- Task description
Start at the line below containing "Note 8T, 37450-4" and stop at the line containing "Naseem Wild Impulse Eau De Toilette 75ml". Repeat every line of that stretch exactly, and nothing outside it.

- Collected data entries
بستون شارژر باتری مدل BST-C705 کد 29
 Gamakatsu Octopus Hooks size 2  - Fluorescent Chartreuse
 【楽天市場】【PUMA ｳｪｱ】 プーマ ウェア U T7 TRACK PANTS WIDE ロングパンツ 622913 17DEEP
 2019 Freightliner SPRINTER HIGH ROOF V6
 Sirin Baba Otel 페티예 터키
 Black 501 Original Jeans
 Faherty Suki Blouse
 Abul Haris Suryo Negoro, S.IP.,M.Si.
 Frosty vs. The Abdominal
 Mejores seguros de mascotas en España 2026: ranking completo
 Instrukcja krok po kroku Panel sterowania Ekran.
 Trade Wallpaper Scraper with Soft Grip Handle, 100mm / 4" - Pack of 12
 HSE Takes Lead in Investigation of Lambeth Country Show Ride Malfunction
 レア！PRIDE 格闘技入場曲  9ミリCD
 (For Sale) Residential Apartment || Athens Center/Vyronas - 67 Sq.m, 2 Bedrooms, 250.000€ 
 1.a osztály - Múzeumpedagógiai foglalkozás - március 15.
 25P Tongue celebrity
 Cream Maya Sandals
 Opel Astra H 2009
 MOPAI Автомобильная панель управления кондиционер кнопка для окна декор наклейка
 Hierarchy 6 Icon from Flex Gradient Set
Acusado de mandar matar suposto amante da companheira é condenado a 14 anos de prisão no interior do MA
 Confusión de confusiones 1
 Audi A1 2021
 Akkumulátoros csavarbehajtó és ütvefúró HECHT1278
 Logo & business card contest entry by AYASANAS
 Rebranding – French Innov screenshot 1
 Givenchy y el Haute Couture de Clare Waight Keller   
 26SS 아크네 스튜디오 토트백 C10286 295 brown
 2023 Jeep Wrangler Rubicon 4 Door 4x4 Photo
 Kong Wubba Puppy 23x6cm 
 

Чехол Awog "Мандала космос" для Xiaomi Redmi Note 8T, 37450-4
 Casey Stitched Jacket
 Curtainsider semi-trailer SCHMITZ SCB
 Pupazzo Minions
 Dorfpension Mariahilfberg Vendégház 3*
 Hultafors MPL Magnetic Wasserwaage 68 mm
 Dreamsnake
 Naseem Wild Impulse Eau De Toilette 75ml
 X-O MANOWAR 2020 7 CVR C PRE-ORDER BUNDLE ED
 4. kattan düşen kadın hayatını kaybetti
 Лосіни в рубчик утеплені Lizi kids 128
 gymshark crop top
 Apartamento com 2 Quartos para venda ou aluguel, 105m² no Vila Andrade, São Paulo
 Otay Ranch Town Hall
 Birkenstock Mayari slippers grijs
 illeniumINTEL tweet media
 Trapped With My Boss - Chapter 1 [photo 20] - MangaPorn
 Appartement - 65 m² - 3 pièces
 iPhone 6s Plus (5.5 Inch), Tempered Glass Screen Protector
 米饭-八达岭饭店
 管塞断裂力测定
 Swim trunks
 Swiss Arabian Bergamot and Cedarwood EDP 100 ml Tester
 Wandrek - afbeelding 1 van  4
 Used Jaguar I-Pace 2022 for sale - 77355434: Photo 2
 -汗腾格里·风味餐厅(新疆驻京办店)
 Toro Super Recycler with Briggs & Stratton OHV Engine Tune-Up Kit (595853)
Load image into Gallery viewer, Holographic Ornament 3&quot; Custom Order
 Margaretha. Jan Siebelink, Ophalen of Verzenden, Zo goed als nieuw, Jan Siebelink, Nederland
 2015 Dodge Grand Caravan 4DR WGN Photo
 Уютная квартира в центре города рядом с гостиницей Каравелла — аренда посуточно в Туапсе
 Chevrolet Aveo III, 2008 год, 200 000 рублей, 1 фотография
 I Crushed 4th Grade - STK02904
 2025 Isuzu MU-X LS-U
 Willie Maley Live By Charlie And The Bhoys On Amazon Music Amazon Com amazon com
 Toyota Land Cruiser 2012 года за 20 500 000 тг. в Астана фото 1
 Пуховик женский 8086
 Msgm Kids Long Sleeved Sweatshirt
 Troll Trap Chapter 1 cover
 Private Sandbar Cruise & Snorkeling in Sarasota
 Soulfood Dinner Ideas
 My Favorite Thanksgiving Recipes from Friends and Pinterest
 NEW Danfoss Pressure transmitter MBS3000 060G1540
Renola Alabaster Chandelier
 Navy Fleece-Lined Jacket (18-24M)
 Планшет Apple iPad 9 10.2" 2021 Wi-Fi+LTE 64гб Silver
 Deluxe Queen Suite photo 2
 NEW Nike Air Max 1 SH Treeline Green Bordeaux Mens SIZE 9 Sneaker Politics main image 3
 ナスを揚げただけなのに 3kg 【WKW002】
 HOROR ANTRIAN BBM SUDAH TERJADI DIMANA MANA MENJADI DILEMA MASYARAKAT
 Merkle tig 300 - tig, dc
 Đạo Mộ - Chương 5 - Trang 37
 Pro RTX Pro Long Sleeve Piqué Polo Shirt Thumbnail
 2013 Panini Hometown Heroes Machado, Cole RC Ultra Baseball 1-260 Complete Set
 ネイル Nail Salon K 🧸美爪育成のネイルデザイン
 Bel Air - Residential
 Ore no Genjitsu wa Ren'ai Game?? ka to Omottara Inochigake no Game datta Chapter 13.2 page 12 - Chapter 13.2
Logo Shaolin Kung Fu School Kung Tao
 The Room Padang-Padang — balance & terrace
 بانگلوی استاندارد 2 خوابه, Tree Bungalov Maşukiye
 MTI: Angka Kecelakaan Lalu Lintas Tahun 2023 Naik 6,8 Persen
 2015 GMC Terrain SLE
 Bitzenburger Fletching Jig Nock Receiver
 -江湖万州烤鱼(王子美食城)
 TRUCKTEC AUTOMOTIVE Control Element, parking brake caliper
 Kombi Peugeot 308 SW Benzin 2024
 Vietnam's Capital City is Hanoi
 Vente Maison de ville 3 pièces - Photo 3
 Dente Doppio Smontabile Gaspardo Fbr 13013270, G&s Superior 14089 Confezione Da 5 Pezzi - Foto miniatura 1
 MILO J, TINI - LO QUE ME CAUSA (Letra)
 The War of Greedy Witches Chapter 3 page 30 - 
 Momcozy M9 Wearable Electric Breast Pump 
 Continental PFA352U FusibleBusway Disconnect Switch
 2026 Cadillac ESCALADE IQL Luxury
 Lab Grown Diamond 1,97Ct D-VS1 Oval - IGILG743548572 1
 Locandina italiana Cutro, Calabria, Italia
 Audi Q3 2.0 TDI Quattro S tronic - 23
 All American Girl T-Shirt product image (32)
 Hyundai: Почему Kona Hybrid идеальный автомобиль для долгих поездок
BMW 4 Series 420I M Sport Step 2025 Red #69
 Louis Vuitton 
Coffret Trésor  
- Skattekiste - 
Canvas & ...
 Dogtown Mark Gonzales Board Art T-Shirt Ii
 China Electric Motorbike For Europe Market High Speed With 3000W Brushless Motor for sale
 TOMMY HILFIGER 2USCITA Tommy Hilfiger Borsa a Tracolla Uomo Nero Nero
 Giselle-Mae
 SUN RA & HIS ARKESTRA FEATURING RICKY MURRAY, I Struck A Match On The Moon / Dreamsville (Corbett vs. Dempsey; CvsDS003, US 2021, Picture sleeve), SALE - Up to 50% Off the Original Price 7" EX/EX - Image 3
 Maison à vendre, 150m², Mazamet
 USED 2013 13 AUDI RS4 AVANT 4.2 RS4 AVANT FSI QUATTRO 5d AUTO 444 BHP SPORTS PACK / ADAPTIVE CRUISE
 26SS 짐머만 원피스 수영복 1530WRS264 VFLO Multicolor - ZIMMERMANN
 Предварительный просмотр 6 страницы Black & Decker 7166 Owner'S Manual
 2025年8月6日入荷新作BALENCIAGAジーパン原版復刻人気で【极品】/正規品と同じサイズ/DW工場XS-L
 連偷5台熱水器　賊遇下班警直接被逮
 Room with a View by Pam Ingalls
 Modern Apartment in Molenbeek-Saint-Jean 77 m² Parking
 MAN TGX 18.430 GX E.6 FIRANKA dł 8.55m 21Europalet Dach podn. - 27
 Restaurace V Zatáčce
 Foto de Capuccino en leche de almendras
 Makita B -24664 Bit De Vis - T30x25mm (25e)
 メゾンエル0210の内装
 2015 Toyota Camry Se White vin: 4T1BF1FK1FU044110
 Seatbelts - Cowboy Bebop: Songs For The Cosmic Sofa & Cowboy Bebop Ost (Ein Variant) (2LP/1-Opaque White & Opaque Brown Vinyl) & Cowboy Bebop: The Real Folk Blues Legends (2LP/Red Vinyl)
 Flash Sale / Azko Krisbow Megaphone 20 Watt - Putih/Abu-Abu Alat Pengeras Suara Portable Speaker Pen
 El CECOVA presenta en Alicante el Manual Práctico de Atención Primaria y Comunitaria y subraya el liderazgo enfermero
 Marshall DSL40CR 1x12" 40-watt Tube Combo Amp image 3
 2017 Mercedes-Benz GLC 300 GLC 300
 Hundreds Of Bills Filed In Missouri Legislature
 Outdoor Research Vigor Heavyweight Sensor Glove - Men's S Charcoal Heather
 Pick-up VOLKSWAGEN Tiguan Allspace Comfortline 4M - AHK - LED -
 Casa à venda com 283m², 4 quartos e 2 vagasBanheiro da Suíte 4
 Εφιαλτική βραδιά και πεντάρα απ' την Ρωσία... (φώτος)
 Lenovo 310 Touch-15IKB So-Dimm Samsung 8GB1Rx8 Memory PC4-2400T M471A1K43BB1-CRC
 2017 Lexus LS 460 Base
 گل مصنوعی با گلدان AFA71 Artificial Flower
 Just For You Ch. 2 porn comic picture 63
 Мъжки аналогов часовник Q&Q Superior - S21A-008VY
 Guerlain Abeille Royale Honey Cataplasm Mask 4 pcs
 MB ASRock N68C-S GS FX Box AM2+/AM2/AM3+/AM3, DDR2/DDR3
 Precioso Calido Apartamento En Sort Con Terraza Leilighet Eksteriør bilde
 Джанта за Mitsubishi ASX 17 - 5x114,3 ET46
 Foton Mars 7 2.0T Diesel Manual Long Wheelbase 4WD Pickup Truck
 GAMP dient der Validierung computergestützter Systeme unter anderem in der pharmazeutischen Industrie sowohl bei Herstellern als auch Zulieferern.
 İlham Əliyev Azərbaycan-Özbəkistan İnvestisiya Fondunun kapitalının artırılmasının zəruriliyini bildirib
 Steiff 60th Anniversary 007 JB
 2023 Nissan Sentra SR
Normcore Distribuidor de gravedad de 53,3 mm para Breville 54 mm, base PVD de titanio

- Output
Чехол Awog "Мандала космос" для Xiaomi Redmi Note 8T, 37450-4
 Casey Stitched Jacket
 Curtainsider semi-trailer SCHMITZ SCB
 Pupazzo Minions
 Dorfpension Mariahilfberg Vendégház 3*
 Hultafors MPL Magnetic Wasserwaage 68 mm
 Dreamsnake
 Naseem Wild Impulse Eau De Toilette 75ml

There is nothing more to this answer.